In short, there is no easy answer to the question of how you can get back a "middle class" America. It would be a much healthier and happier country if the worship of money died out and the economy was reshaped to have more middle class salaries. But I honestly have no idea of how to achieve it except through moral suasion, a religious "awakening", or a enpowered government with a social agenda to "level the playing field" for the next generation.

RYviewpoint said...

Thomas:

I gave you 3 ways that salaries between the rich and the bottom 90% might be brought back in line. I pointed out that a TV show marked the era of interest in the rich and the start of the rise in the discrepancy between incomes at the top and for the bottom 90%.

I should have connected the dots. I failed to point out that besides moral suasion, religious "awakening", and government, there is a fourth way to bring salaries in line. It is a variant of moral suasion. Instead of "preaching" you humiliate the rich. You use media -- like TV shows and movies -- to paint the rich as clueless greedy and anti-social people who are so in love with themselves they forget that they live in a broader society. You make them uncomfortable by making fun of them. You convince them that if they want to "fit in" they need to change their ways and join the rest of us in a one-big-happy-family. This is like moral suasion, but it doesn't have to be preachy. It can simply make them laughingstocks until they are so uncomfortable they want to lower their profile.
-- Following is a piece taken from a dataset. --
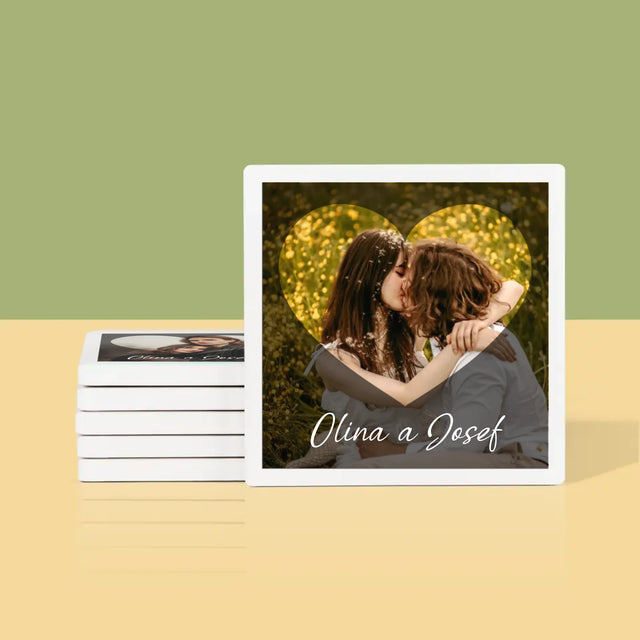 Fotka S Textem: Zamilovaní Srdce - Podtácky Pod Hrnky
I don't see any signs that Hollywood has caught on that it needs to play a new role. But like keeping Tinkerbell alive, we all must believe and believe and believe to make it happen. Oh... and since we do live in a "market" economy, stop paying for films about rich people as noble or good and start buying tickets for films about "the little guy has a heart of gold" and "ordinary people struggle against the greedy rich and make a better world for themselves". Themes like that will start planting the idea that we should stop worshiping the rich and start ridiculing them.